§ **What needs to be done**: Use the entries below and reproduce exactly the lines from the one containing "Glaube Hoffnung Liebe" down to the one containing "Sunshine Yellow Designer", both of them included.

§ **Data**:
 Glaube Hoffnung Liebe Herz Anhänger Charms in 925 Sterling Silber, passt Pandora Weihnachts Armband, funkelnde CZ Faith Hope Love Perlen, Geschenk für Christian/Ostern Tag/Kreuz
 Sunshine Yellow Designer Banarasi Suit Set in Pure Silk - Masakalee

---

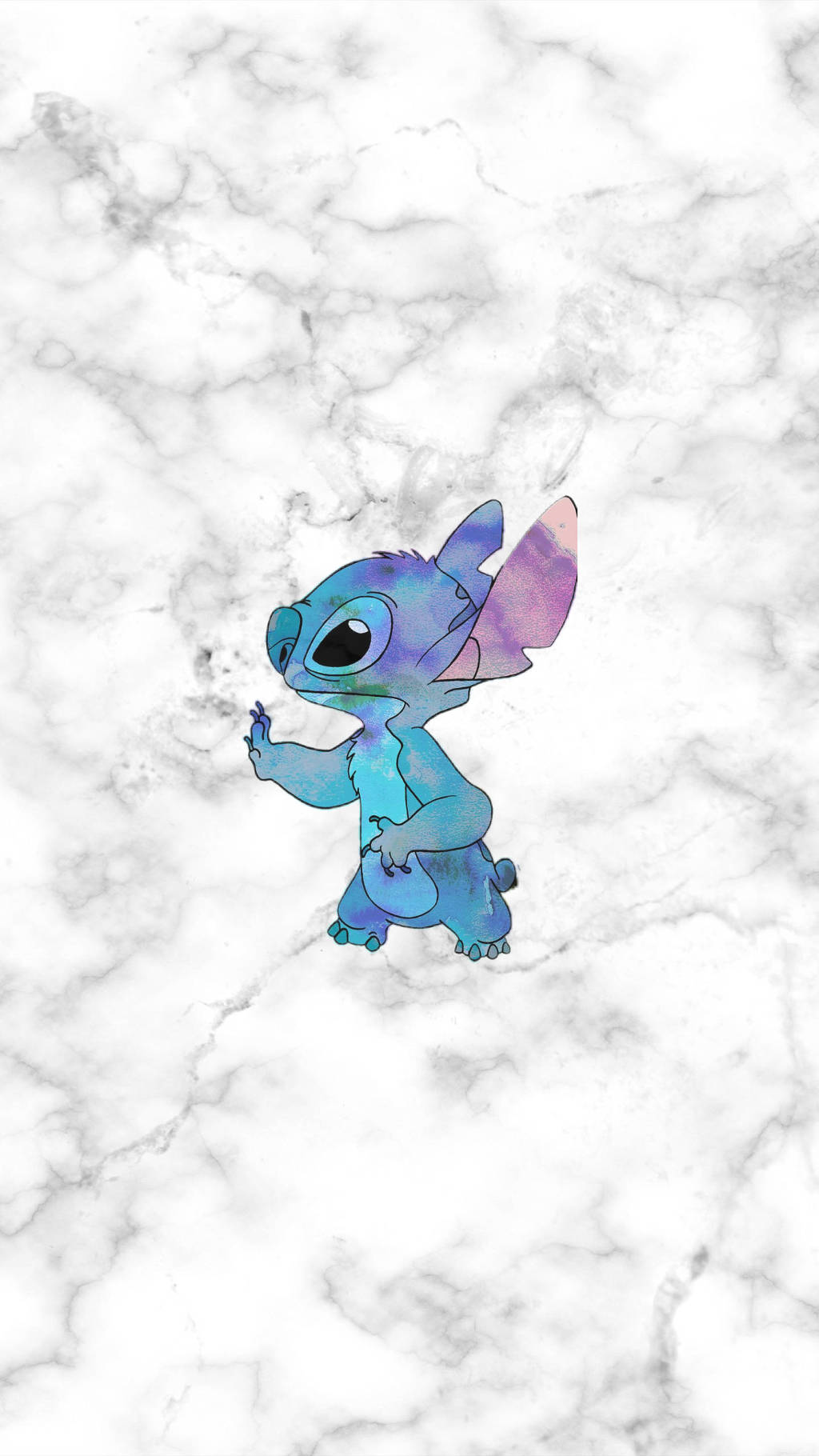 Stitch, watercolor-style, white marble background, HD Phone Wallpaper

§ **Output for this task**:
 Glaube Hoffnung Liebe Herz Anhänger Charms in 925 Sterling Silber, passt Pandora Weihnachts Armband, funkelnde CZ Faith Hope Love Perlen, Geschenk für Christian/Ostern Tag/Kreuz
 Sunshine Yellow Designer Banarasi Suit Set in Pure Silk - Masakalee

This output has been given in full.